Through a combination of flashbacks to the two dudes’ glory days and glimpses into the high school horrors of present day Gen Z, Shoulda features an elite cast of all the people who either cruelly shunned you from their lunch table or were frozen out from yours. (As we all know, there has never been a middle ground.) Laguna Beach–era Kristin Cavallari and Bring It On’s Torrance Shipman play the two men’s teenage daughters who also happen to be rival teen queen bees. (Because the lines between “movie” and “TV show” and “iconic SoCal reality masterpiece” are increasingly fluent and contingent these days, so too was Shoulda’s casting process.)
And without giving too much away, the movie also features American Vandal’s Sam as The Late Bloomer Whom You’ll Regret Friendzoning One Day; the entire prep school varsity hockey team from D3: The Mighty Ducks as themselves; Rizzo from Grease as the best friend whose wisecracking exterior hides her deep vulnerabilities; Amber from Clueless and the The Beer Has Gone Bad, Nobody Drink The Beer Guy from Can’t Hardly Wait in uncredited cameos that involve them saying “she could be a farmer in those clothes” and “the beer has gone bad, nobody drink the beer;” and best for last: the GOAT High School Movie teacher, Ms. Ginny fuckin’ Stroud.
The Funny, Smart, “Unpopular” Girl: Bianca Piper, The DUFF
The Best Friend: Krista, The Edge of Seventeen
The Bad Boy: Kyle, Lady Bird
The Sensitive Nice Guy: Lloyd Dobler, Say Anything
The Mean Girl: Natalie V. Adams, Scott Pilgrim vs. the World
The Teacher Who Has No Time for This Shit: Mr. Griffith, Easy A
Did anyone but me see The DUFF? Quite possibly not, which is why I feel it’s my duty to cast the fabulous Mae Whitman, who plays the titular and wildly offensive “DUFF”—a.k.a. “Designated Ugly Fat Friend.” Bianca, Whitman’s character, is obviously none of those things, and shines in the (surprisingly fun!) movie despite the inaccurate title.

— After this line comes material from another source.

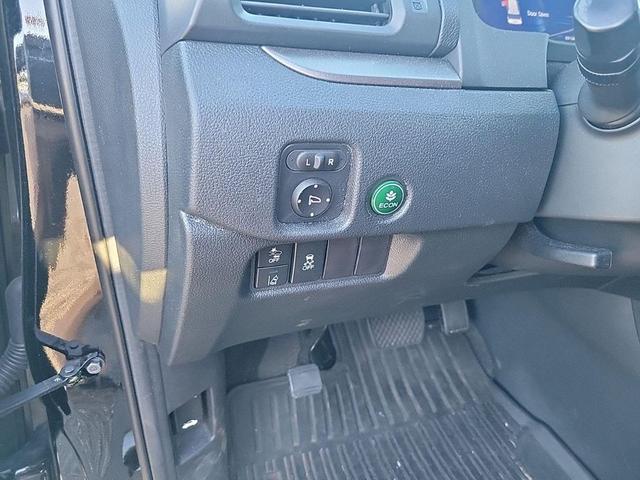 Photo of 2022 Crystal Black Pearl Honda Pilot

Joining her in my own special high school movie are Haley Lu Richardson’s Krista from Edge of Seventeen, Timothée Chalamet’s Kyle from Lady Bird (you know you want to see Mae Whitman shut him down), Lloyd Dobler from Say Anything (it’s only weird if you think of John Cusack at his current age, so, like, don’t), Brie Larson’s character from Scott Pilgrim vs. the World, and as the long-suffering teacher, Thomas Haden Church’s iconic Mr. Griffith from Easy A. Does this cast make any sense? No! Luckily, rom-coms don’t have to make a lick of sense to end up on Netflix these days. I assume this would be a smash hit, even without Noah Centineo.